Perkembangan dunia digital yang sangat dinamis telah menggeser fungsi dasar media sosial, saat ini media sosial menjelma menjadi ekosistem digital dengan beragam kegunaan. Konsumsi media sosial tidak lagi hanya memengaruhi cara kita dalam berkomunikasi, tetapi juga berbagai aspek kehidupan, termasuk mengubah cara kita menjalani hidup, seperti bagaimana kita melakukan pekerjaan, cara kita memenuhi kebutuhan sehari-hari, mempengaruhi bagaimana terbentuknya opini publik dan bahkan menggeser lifestyle kita.
Dengan mengakses media sosial, kita terpapar berbagai macam tren gaya hidup, mulai dari tren fashion, kuliner, gaya hidup sehat hingga gaya ber-travelling. Tren-tren tersebut seringkali bermula dari unggahan influencer atau teman-teman terdekat kita dan akhirnya menyebar luas melalui media sosial.
Media sosial juga telah mengubah cara kita berbelanja dan berjualan.

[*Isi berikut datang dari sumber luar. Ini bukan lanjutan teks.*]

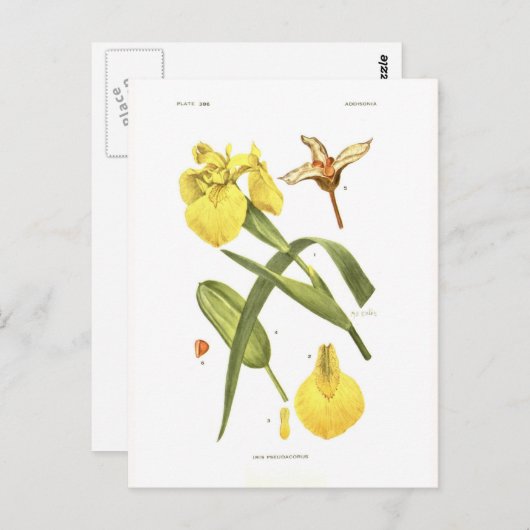 Iris pseudacorus postkarte (Vorne/Hinten)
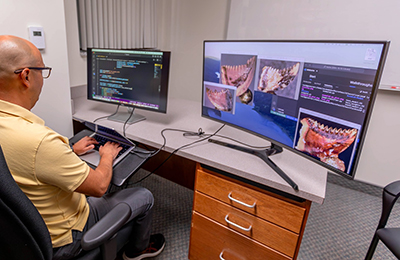 Dinsosaur Work on Computer 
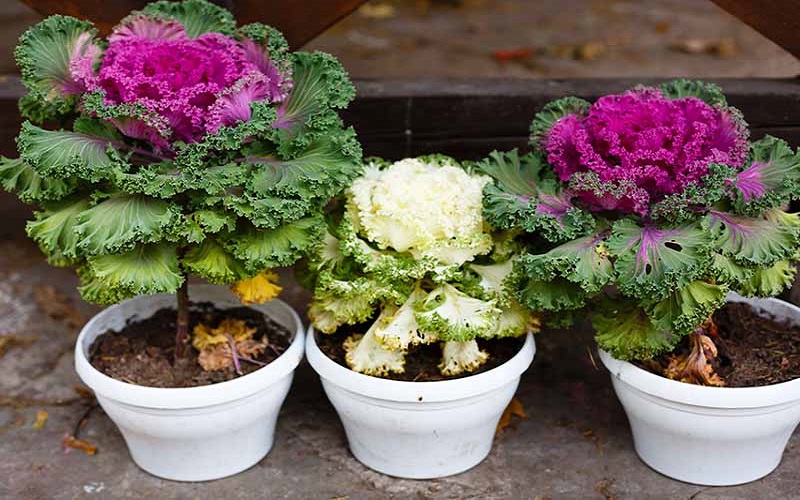 Ornamental kale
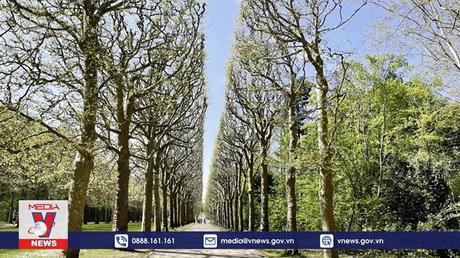 Lễ hội hoa anh đào ở Parc de Sceaux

Toko online buka 24 jam sehari, 7 hari seminggu, dengan etalase yang tak terbatas, cukup dengan scrolling layar ponsel, ribuan bahkan jutaan produk terpampang di depan mata. Inilah peran media sosial sebagai “etalase digital”. Para pemasar, dari skala UMKM hingga korporasi besar, memanfaatkan kekuatan media sosial untuk mempromosikan produk bahkan sampai melakukan penjualan langsung melalui live shopping.
Media sosial juga membantu pemasar dalam mengembangkan bisnis dengan cara yang lebih efisien dan low budget. Berkat media sosial di mana konsumen dan penjual dapat berinteraksi tanpa batasan geografis, para pemasar dapat dengan mudah menjangkau berbagai level konsumen di berbagai lokasi bahkan luar negeri sekalipun.
Dari sisi lain, pemasaran melalui media sosial menjadi godaan besar bagi para konsumen, menyebabkan seringkali melakukan “impulsive buying”. Unggahan dari mutual friends, review produk dari para influencer, dan iklan-iklan yang dikemas dengan visual yang sangat menarik, didukung juga dengan algoritma media sosial yang sangat canggih yang dapat menargetkan audiens secara spesifik.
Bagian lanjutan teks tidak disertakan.